Democrats insist, Republicans privately acknowledge, and the newspapers generally agree that the GOP’s 104th Congress ends in disappointment. But none of them can convincingly explain precisely how or why.

Is it, as the New York Times editorial page suggests, a matter of procedural failure? “Much of what the radicals promised in the Contract With America,” the paper of record casually announces, “did not get done.” But it did. House majority leader Dick Armey claims his party has, by some accounting, accomplished “65 percent” of its ten-point program. Be that as it may. In bulk terms, at least, much of the contract truly is law.

A welfare reform matched for significance and promise by only a handful of legislative initiatives in this century. The line-item veto. A crime-control measure. Adoption incentives and child-support enforcement provisions. A ban on unfunded federal mandates to the states. And an end to Congress’s exemption from the edicts it imposes on others.

All of them items in the contract. And all of them signed by the president. So the 104th has not been a Congress of “unproductive gridlock” like its Democratic predecessor, which dosed in 1994 in abject chaos, voteless on most major leadership goals.

Nor is it entirely fair to complain, as so many complainers now do, especially on the right, that the past two years of congressional Gingrichism have proved a failure of ambition. It’s true. We were promised a “revolution.” But that was always an unfortunate choice of words, in our view. A congressional majority without sufficient votes to override vetoes cannot, of course, achieve a real revolution against presidential opposition. And ” revolution” makes a poor fit with the mood and purpose of political conservatism, in any case.

Still, if Speaker Gingrich’s grandiloquent promise of revolution was meant simply to imply the major advancement of that conservatism, he has delivered in spades. The 104th Congress has begun the long overdue, market-based reform of the nation’s ludicrous farm price-support system. It has passed a deregulatory telecommunications law, the first in more than 30 years. It has reduced federal spending on domestic discretionary programs below levels that existed when Democrats controlled the purse.

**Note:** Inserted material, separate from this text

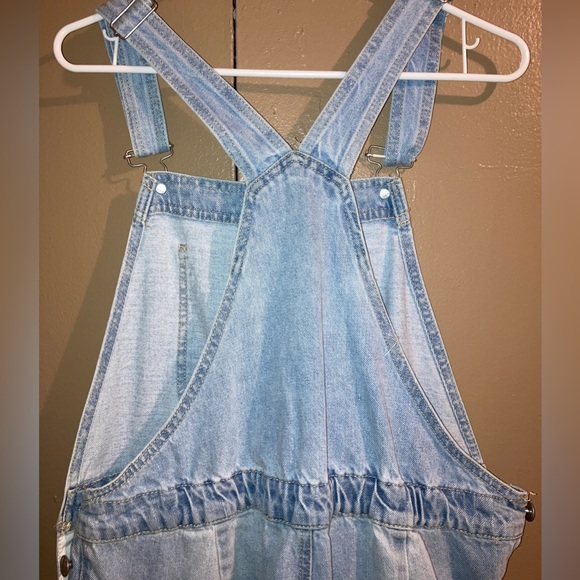Distressed Girlfriend Denim Overalls size LARGE - Picture 6 of 7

And this Congress has advanced the conservative agenda in a number of important instances that did not result in a new law. In this session, Republicans have once again blocked an assault on constitutional speech rights masquerading as campaign finance reform. They have conducted a loud and serious debate about partial-birth abortion, an argument that has for the first time in living memory actually raised sufficient doubts about the morality of the nation’s pro-choice regime to change some people’s minds on the subject.

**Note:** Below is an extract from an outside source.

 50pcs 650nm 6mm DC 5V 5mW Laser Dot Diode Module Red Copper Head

All in all, an impressive ideological — even political — triumph. Limited government, modern conservatism’s cri de coeur, is for the first time in 60 years a winning argument. President Clinton refuses to dispute it, which is probably the most important reason he seems so likely to win a smashing reelection victory a few weeks from now. Even those Democrats who would unseat conservatism’s congressional avatars refuse to dispute its accomplishments. Tom Daschle, the would-be Democratic Senate leader, says, “I don’t see any legislation we would attempt to undo.”

Very telling. The last two years of the first Clinton administration haven’t been Bill Clinton’s at all. They have been Newt’s. Congress now dominates American politics as it hasn’t since the days of Uncle Joe Cannon.

And still the whole enterprise does have an air of defeat about it. This has to do with the budget battle of last December, of course. It was a disaster born of nearsighted Republican enthusiasm. They thought that by mere manipulation of existing interest groups and “coalitions” they might remake the political present in their own image. It doesn’t work. It never works. Major, reality-upending designs of political philosophy require careful, time- consuming means: persistent national persuasion, subsidiary victories, vetoproof majorities. Or a president who unambiguously shares the goal.

We will probably not get such a president on November 5. There’s an outside chance, if the presidential election goes badly enough, that Republican turnout will be so depressed as to allow — in what should be an incumbent’s year of unusual public satisfaction — the Democratic party to sneak back into fullscale power. If that horror is avoided, and if conservatism is to be jump-started in the next two years or four, the Republican party will have to recover the political touch and patience that produced such a remarkable 104th Congress in the first place.